§ **EXERCISE DIRECTIONS**
Set down the records below in full, exactly as they read.

Saved data entries:
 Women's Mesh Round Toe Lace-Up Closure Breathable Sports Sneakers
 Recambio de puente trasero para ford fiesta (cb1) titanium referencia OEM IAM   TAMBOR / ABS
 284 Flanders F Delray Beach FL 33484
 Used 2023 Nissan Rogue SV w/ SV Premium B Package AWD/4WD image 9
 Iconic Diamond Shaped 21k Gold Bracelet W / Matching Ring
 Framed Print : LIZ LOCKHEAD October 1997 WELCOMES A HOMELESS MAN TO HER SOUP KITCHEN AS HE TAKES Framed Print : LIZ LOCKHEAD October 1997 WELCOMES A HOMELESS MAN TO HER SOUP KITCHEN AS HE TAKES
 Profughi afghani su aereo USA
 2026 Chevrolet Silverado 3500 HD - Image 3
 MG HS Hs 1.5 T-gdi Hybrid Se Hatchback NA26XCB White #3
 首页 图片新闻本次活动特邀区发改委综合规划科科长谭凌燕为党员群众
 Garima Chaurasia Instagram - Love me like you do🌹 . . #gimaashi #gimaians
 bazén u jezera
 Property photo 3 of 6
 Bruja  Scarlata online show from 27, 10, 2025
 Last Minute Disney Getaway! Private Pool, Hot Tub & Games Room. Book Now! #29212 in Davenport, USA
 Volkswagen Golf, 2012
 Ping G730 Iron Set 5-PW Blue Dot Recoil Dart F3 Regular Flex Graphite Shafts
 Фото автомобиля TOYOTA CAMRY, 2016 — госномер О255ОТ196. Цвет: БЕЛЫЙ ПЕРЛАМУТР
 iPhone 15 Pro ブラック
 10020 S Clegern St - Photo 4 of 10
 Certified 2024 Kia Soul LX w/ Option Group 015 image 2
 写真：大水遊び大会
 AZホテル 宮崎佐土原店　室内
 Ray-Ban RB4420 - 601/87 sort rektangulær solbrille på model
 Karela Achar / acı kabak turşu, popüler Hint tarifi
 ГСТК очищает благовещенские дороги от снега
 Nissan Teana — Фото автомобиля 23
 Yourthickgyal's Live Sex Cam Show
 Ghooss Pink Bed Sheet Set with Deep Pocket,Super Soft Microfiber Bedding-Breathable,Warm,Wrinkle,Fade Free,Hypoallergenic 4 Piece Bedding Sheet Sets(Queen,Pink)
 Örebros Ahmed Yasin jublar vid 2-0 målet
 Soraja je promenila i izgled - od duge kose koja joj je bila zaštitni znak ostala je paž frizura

§ **WRITTEN ANSWER**
 Women's Mesh Round Toe Lace-Up Closure Breathable Sports Sneakers
 Recambio de puente trasero para ford fiesta (cb1) titanium referencia OEM IAM   TAMBOR / ABS
 284 Flanders F Delray Beach FL 33484
 Used 2023 Nissan Rogue SV w/ SV Premium B Package AWD/4WD image 9
 Iconic Diamond Shaped 21k Gold Bracelet W / Matching Ring
 Framed Print : LIZ LOCKHEAD October 1997 WELCOMES A HOMELESS MAN TO HER SOUP KITCHEN AS HE TAKES Framed Print : LIZ LOCKHEAD October 1997 WELCOMES A HOMELESS MAN TO HER SOUP KITCHEN AS HE TAKES
 Profughi afghani su aereo USA
 2026 Chevrolet Silverado 3500 HD - Image 3
 MG HS Hs 1.5 T-gdi Hybrid Se Hatchback NA26XCB White #3
 首页 图片新闻本次活动特邀区发改委综合规划科科长谭凌燕为党员群众
 Garima Chaurasia Instagram - Love me like you do🌹 . . #gimaashi #gimaians
 bazén u jezera
 Property photo 3 of 6
 Bruja  Scarlata online show from 27, 10, 2025
 Last Minute Disney Getaway! Private Pool, Hot Tub & Games Room. Book Now! #29212 in Davenport, USA
 Volkswagen Golf, 2012
 Ping G730 Iron Set 5-PW Blue Dot Recoil Dart F3 Regular Flex Graphite Shafts
 Фото автомобиля TOYOTA CAMRY, 2016 — госномер О255ОТ196. Цвет: БЕЛЫЙ ПЕРЛАМУТР
 iPhone 15 Pro ブラック
 10020 S Clegern St - Photo 4 of 10
 Certified 2024 Kia Soul LX w/ Option Group 015 image 2
 写真：大水遊び大会
 AZホテル 宮崎佐土原店　室内
 Ray-Ban RB4420 - 601/87 sort rektangulær solbrille på model
 Karela Achar / acı kabak turşu, popüler Hint tarifi
 ГСТК очищает благовещенские дороги от снега
 Nissan Teana — Фото автомобиля 23
 Yourthickgyal's Live Sex Cam Show
 Ghooss Pink Bed Sheet Set with Deep Pocket,Super Soft Microfiber Bedding-Breathable,Warm,Wrinkle,Fade Free,Hypoallergenic 4 Piece Bedding Sheet Sets(Queen,Pink)
 Örebros Ahmed Yasin jublar vid 2-0 målet
 Soraja je promenila i izgled - od duge kose koja joj je bila zaštitni znak ostala je paž frizura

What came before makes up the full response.